This isn’t really about the Commodore Pet I recently built and have been fetishizing about for a few months. This is about my ongoing love and hate of mdadm. You see, after years of not using it, I’m using it again. Partly because it’s useful, partly because I was feeling abstruse and decided to use it again when I could have just bought a 10TB drive and called it a day. Sometimes we like to create problems so we can solve them.
I recycled a few old disks from work and it turned out, those disks were already part of an ancient mdadm array. I was able to unwittingly create a new array over these disks but ended up absentmindedly using /dev/sda1 /dev/sdab1 and /dev/sdac1, instead of using the full disk (yep cause I was typing stuff from a tutorial because I can’t ever remember this stuff). and boy did it cause a fun problem!

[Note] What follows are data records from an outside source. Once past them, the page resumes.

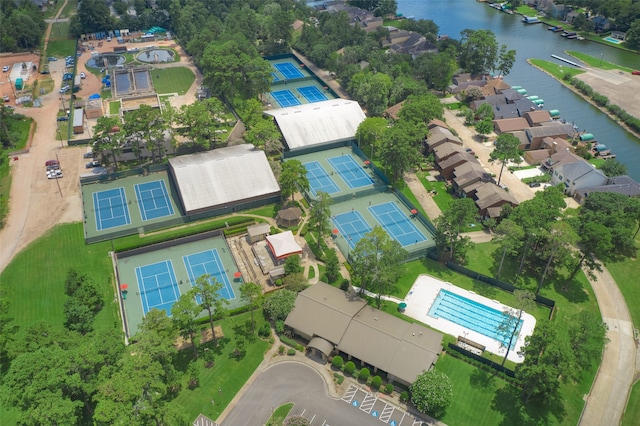 3729 Breckenridge Dr, Montgomery, TX 77356 - aerial view of property and surrounding area with a pool area and a nearby body of water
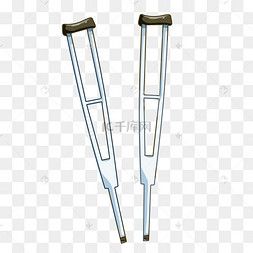 医疗系列双拐手绘插画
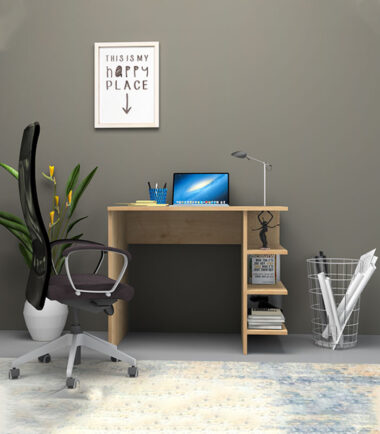 Bureau Junior Avec 3 Étagères De Rangement Couleur Chêne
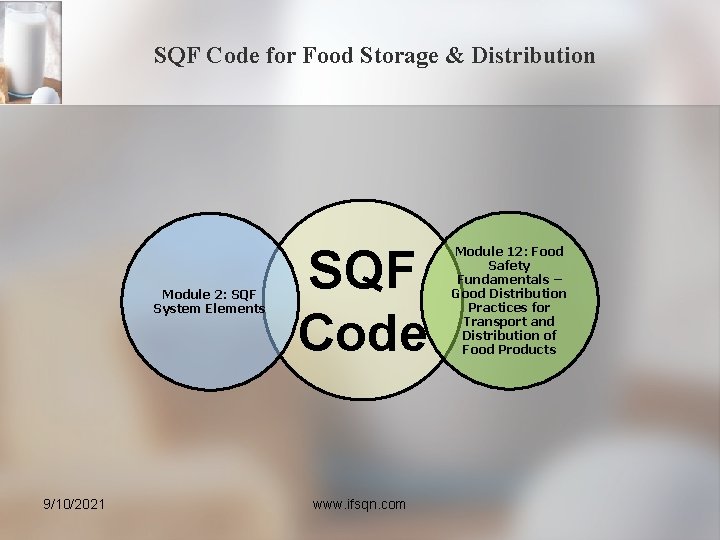 SQF Code for Food Storage & Distribution Module 2: SQF System Elements 9/10/2021 SQF SQF Code for Food Storage & Distribution Module 2: SQF System Elements 9/10/2021 SQF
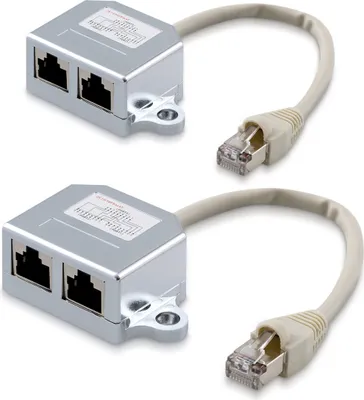 Produktbild von kwmobile 2x Netzwerkkabel Splitter Anschlussverdoppler - Netzwerk LAN Anschluss Verteiler - T-Adapter LAN-Kabel - RJ45 Stecker auf 2x RJ45 Ethernet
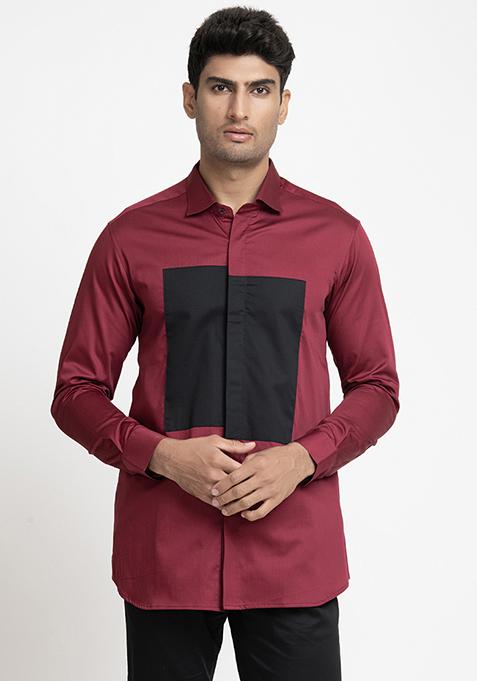 Red Patchwork Marior Shirt For Men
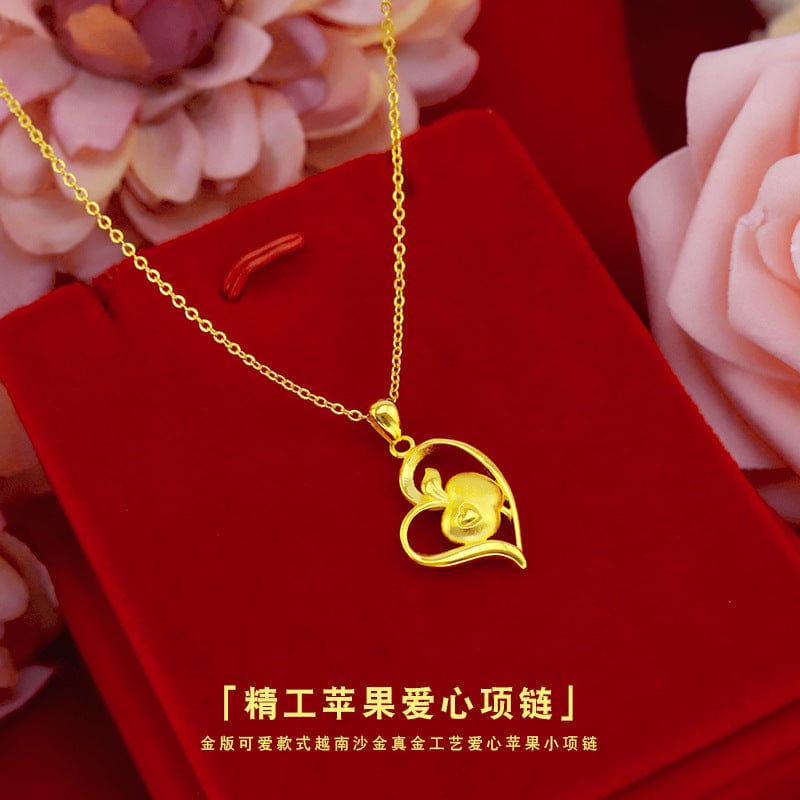 Gold Fashion 24K Gold Pendant Necklaces For Women Wedding Engagement Jewelry Heart Apple Shape Yellow Gold Chain Necklace Choker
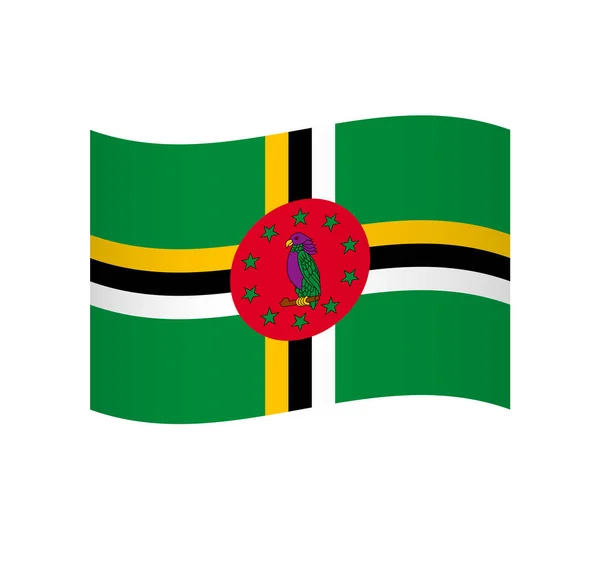 Dominica Flag Simple Wavy Vector Icon Shading — Stock Vector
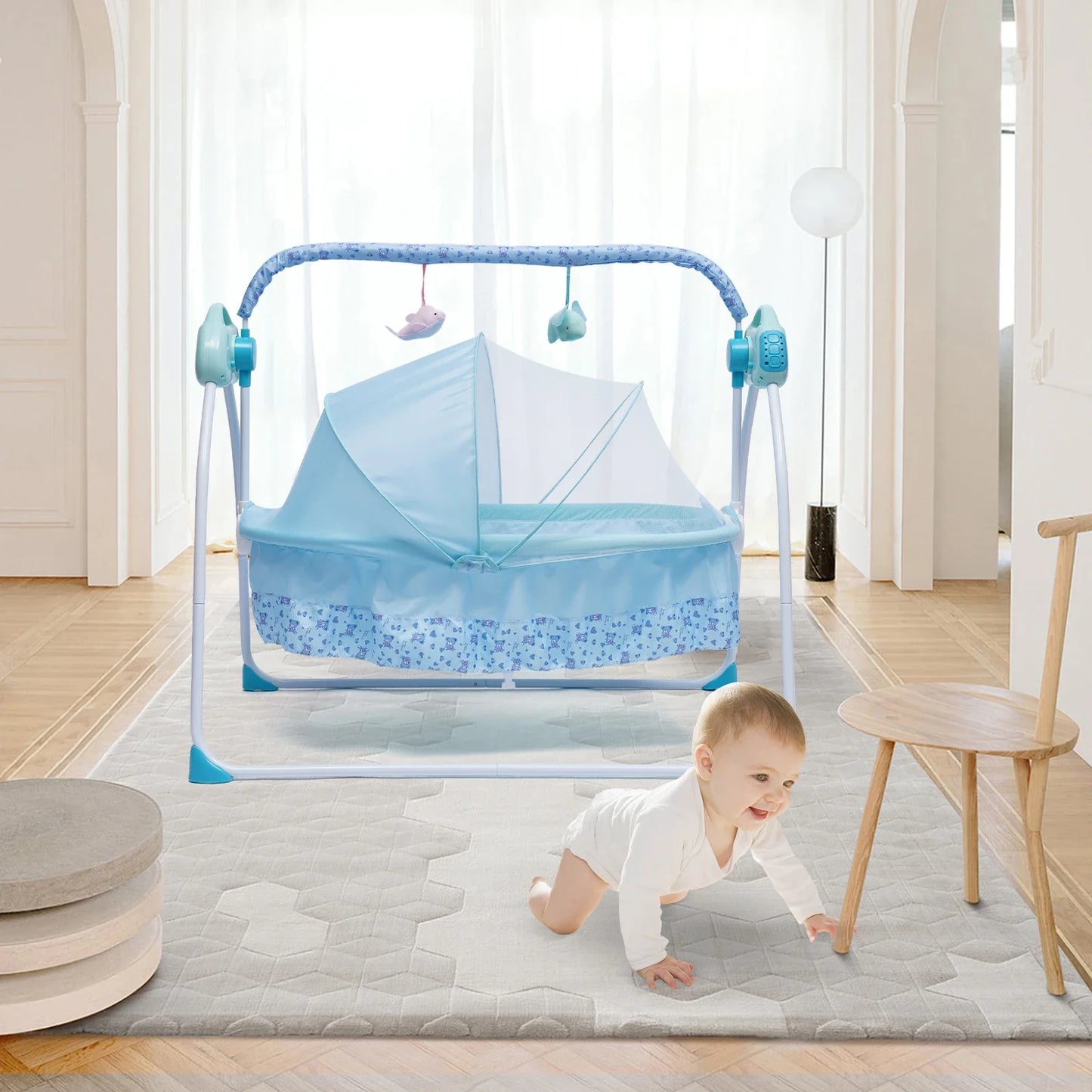 Electric Baby Crib Cradle Auto-Swing Newborn Sleep Bed Infant with Bluetooth blue with Chair + Music + Mat + Net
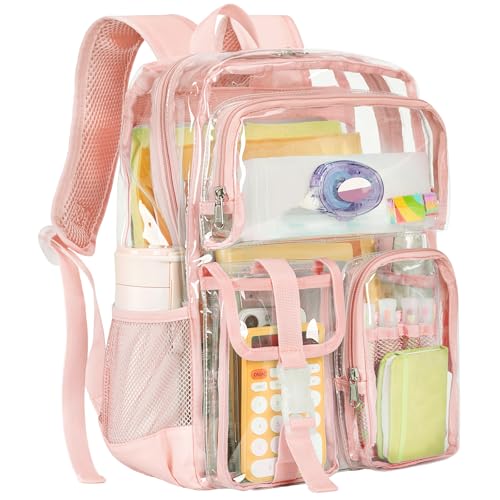 Vorspack Clear Backpack - Heavy Duty Transparent Bookbag for Adults Large See Through backpacks for Work, College, Travel - Light Pink - color: Light Pink, size: Large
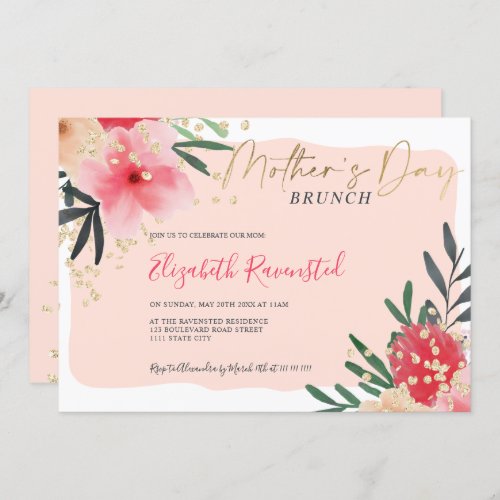 Modern blush pink floral girly gold mothers day invitation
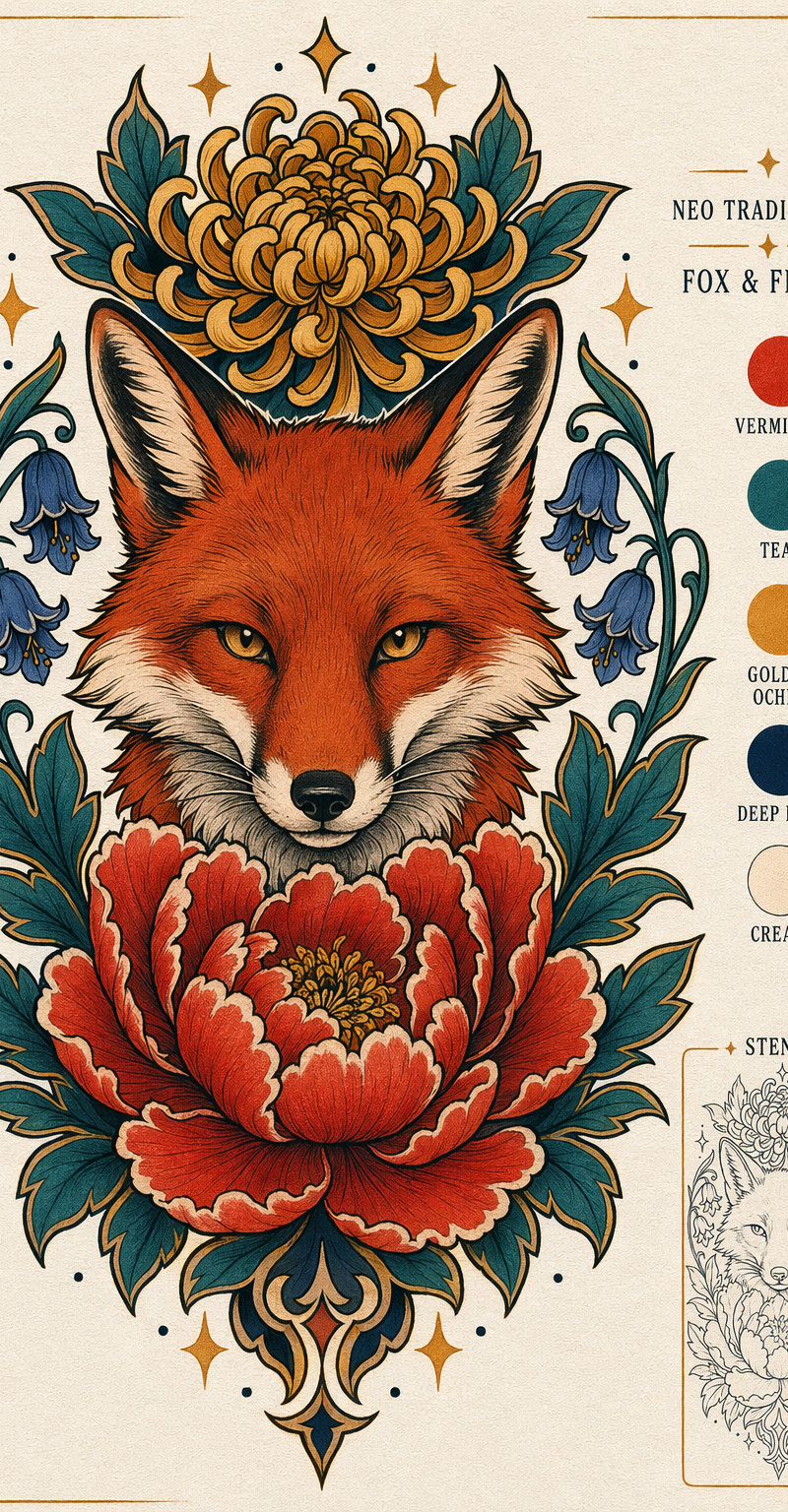 Color neo-traditional fox and flora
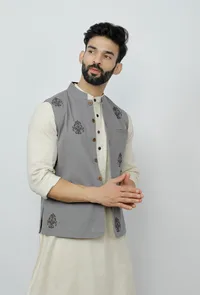 Grey Cotton Nehru Block Print Jacket image 2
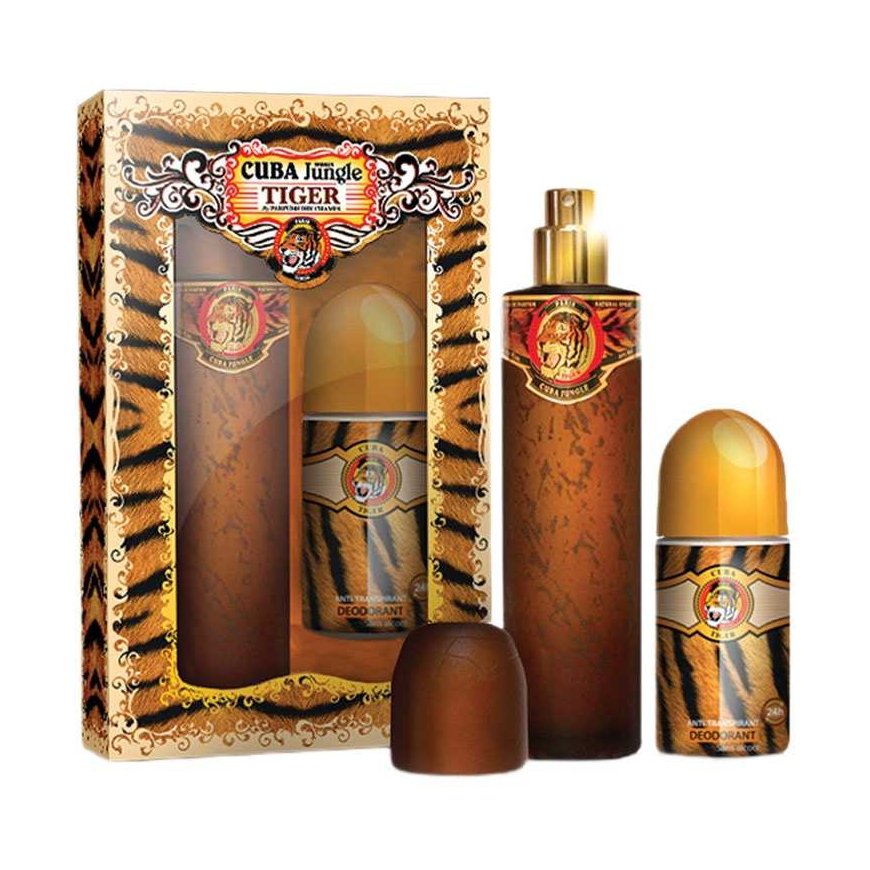 Cuba Kuba Jungle Tiger komlektas kvepalinis vandens purškiklis 100ml + ruloninis dezodorantas 50ml – 5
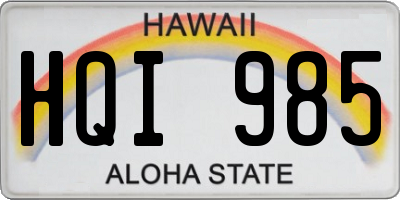 HI license plate HQI985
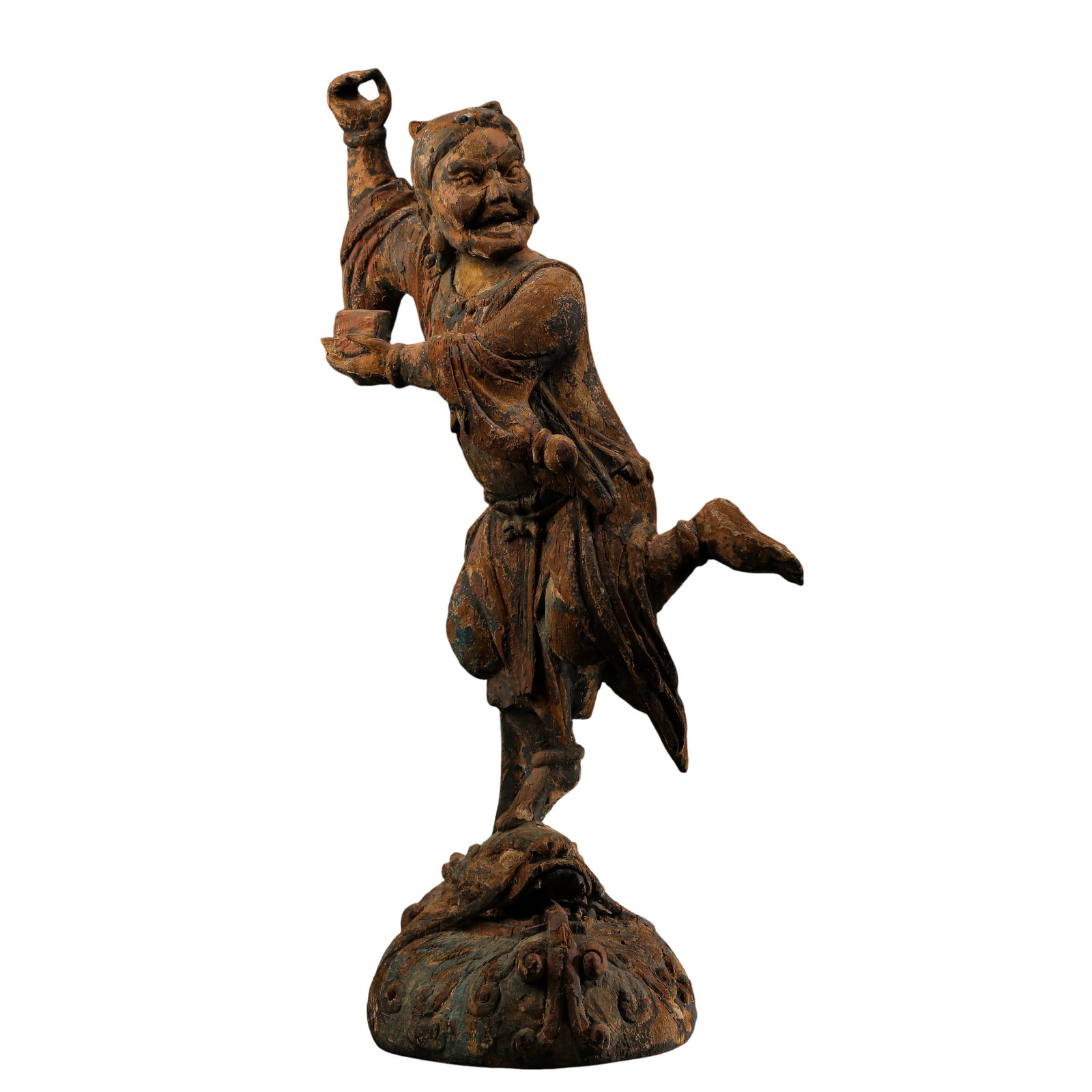 Ming Dynasty Polychrome Wood Carved Kuixing Statue (1 of 13)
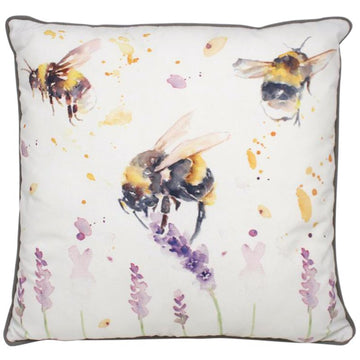 6Pcs Polyester Cotton Filled Cushion Country Bees & Flowers Design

After many MANY hours of copying old backup data do the new array, which is attached to the Commodore Pet Mini (aka RPi), I rebooted the Pi, as you do, when you’re running retropie on it and get it stuck in some weird emulator, and hung after sshing in and issuing a reboot command. When I rebooted things got weird:
First, mdadm automatically tried to assemble the OLD raid. It probably did this because there were RAID superblocks on the raw devices and maybe it favors the raw device rather than a partition. Then the machine refused to boot because the md0 array was in fstab.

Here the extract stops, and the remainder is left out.